The POA: The Professional Trades Union for Prison, Correctional and Secure Psychiatric Workers (formerly the Prison Officers' Association) is a trade union in the United Kingdom. It currently has a membership of 33,500.

Background[edit]

The roots of the POA can be traced back to the launch in 1910 of the underground magazine, 'Prison Officers' Magazine', under the editorship of Fred Ludlow,[1] the magazine was otherwise known as the 'Red-Un' after the colour of its cover.[2] After the editorship was taken over by E.R. Ramsey (Hubert Witchard) in 1915 and a more radical tone was adopted, this led in 1916 to the formation of the Prison Officers' Federation, which affiliated to the Labour Party in the same year.[3][4] By July 1915, around 500 out of a total of 4000 staff had joined the union, but many became disillusioned and left after the POF failed to win a petition for a war time bonus for prison officers.[5] Subsequently, the POF amalgamated in 1918 with its rival union the National Union of Police and Prison Officers (NUPPO) which had been formed in 1913.

1918/19 Police Strike[edit]

However, following police strikes in 1918 & 1919, where 70 prison officers at Wormwood Scrubs and a few from Birmingham joined the strike, all of whom were dismissed,[6] trade unions of police and prison workers were made illegal. Instead, a representative body, the Prison Officer's Representation Board was created, but this was seen as an inadequate measure to defend prison officers' interests.[7] This was appointed by and responsible to the Home Office, could not call a strike and were not permitted to have formal links with other labour organisations through the Trades Union Congress or Scottish Trades Union Congress. Whilst the Representation Board failed to secure most of improvements in prison officers conditions it argued for, it did secure the replacement of the term 'warder' by 'officer'.[8]

Foundation[edit]

The above situation began to change in 1936, when a group of prison officers, including Harley Cronin, who had become weary of the failure of Representative Boards to win concessions were elected to the Central Board.[9] One of the first moves of this group was to procure the services of William Brown and Len White of the Civil Service Clerical Association to help them negotiate with the Prisons Service through a series of secret meetings.[10] The Central Board members made a formal demand to the Home Secretary, Sir Samuel Hoare, that Prison Officers should have the right to appeal to an Independent Arbitration Board against employers' decisions and to have access to outside assistance in doing so.[11] These demands were recognised and Brown and White, began formally pushing for the right to use the Civil Service Arbitration Tribunal, which was also conceded. In celebration of winning these demands prison officers held a meeting on 5 April 1938 at the Blue Gliss Hall in Acton.[12]

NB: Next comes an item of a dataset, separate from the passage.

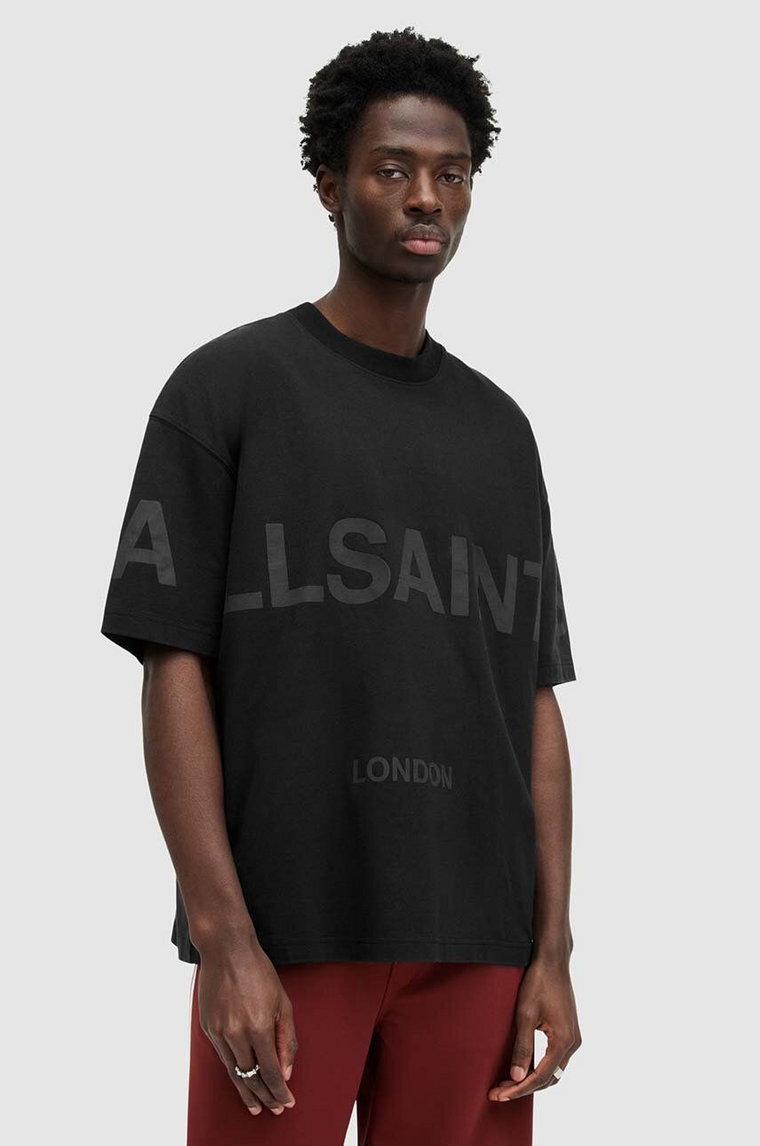 AllSaints t-shirt bawełniany BIGGY SS męski kolor czarny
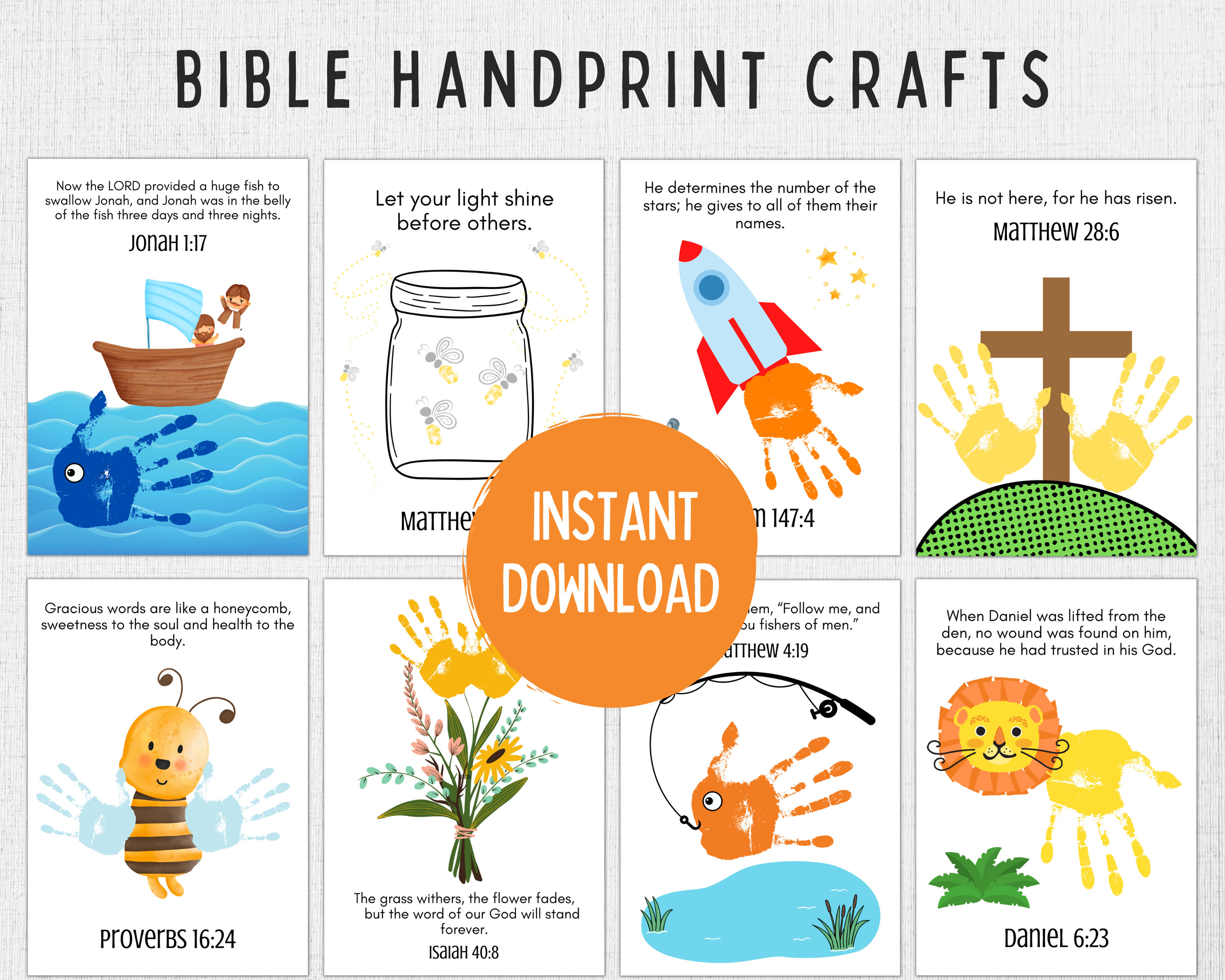 Bible Handprint Craft Bible Craft for Kids Bible Art for Kids Christian  Craft for Kids Bible Activites Kids Preschool Homeschool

A claim for improved pay for prison officers was presented in May 1938 through this mechanism, and on 1 June 1938 won a 10% pay increase. The central board members then pushed to be treated as civil servants and for an extension of the system of Whitley Councils in that sector to prisons. The POA was granted a certificate of approval by the Treasury on 25 September 1939 and came into being with 3,500 members.[13]

The post-war years[edit]

The years following the second world war saw a large increase in the size of the prison population. Despite a large prison building programme including 17 medium security and open prisons and borstals, prisons became more and more overcrowded leading to the introduction of 'threeing-up'.[14] The abolition of the death penalty also led to introduction into the prison system of large numbers of decade-spanning sentences for convicted serious offenders.[15]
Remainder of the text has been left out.